Vulnerability Development mailing list archives

Re: How to strip http-referer field?


From: Domenico De Vitto <dom () DEVITTO DEMON CO UK>
Date: Mon, 11 Sep 2000 22:04:30 +0100

I'd ask the developers of the 'proximitron', that's one of the things
it can do (amongst many, many, others).

It's 100% free - I *don't* use it because I haven't the time to do the
things you are doing!

Just my 0.02e,
Dom

-----Original Message-----
From: VULN-DEV List [mailto:VULN-DEV () SECURITYFOCUS COM]On Behalf Of
Lincoln Yeoh
Sent: 07 September 2000 05:19
To: VULN-DEV () SECURITYFOCUS COM
Subject: Q: How to strip http-referer field?


Hi,

Say I have a web mail/messaging program that allows viewing of html ( yes I
know that's not so safe but y'know how it is).

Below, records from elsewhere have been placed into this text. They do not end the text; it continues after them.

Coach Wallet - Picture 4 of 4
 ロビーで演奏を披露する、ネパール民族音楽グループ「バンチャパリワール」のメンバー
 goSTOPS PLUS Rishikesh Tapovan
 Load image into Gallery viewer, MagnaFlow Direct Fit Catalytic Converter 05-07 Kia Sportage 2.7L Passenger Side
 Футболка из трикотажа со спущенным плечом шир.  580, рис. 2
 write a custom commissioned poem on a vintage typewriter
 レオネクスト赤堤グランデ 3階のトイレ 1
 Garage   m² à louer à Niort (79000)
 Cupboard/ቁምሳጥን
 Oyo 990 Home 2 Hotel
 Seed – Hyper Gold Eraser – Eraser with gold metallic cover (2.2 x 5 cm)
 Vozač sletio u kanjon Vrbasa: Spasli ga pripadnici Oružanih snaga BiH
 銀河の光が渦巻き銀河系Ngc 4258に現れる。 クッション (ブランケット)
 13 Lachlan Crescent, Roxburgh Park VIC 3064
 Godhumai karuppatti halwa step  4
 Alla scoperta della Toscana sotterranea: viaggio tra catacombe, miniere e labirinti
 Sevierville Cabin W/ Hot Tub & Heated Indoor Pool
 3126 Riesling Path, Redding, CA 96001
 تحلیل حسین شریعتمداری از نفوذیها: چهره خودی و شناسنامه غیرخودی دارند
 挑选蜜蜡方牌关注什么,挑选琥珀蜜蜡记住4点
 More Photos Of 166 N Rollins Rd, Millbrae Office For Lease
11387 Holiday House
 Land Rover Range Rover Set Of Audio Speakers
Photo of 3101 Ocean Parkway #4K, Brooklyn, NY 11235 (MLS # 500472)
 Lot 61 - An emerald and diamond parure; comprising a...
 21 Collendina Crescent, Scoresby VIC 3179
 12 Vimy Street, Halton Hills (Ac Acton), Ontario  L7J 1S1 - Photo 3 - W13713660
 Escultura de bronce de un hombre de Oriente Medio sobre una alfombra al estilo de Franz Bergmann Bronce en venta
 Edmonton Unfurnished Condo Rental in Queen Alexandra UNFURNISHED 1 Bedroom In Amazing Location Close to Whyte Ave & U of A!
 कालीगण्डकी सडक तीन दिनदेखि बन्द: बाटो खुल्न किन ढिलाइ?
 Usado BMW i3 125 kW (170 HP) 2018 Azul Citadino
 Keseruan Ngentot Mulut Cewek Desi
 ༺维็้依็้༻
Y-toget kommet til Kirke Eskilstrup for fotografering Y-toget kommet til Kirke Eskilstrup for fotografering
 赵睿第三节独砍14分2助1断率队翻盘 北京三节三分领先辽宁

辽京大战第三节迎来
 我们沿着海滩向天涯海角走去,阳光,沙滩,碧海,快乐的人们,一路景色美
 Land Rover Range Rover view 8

Currently I translate all links to point to a custom fastcgi perl script
which 302 redirects the user if urls are ok looking but displays an error
page if there are GET style parameters or other weird stuff in the URL
(file://...), with a click option to the offending URL if the user is brave
enough. Yes this breaks inline images  with funny urls, but erm so far no
complaints ;).

Question is: would it be worth stripping out the http-referer when the user
retrieves foreign links from the displayed html page (either directly or
via img src or other means).

If it's worth it, any ideas how to do it reliably?  Currently most browsers
still maintain the old referer field value past any 302 redirects.

Proxying and fetching the actual content would be too resource intensive.
The main trouble is these img src links, html could be done by a meta
refresh page.

I suppose I would have to make sure that a very boring url is used to view
the HTML message?

Cheerio,
Link.

p.s. Yes it should be spelt referrer.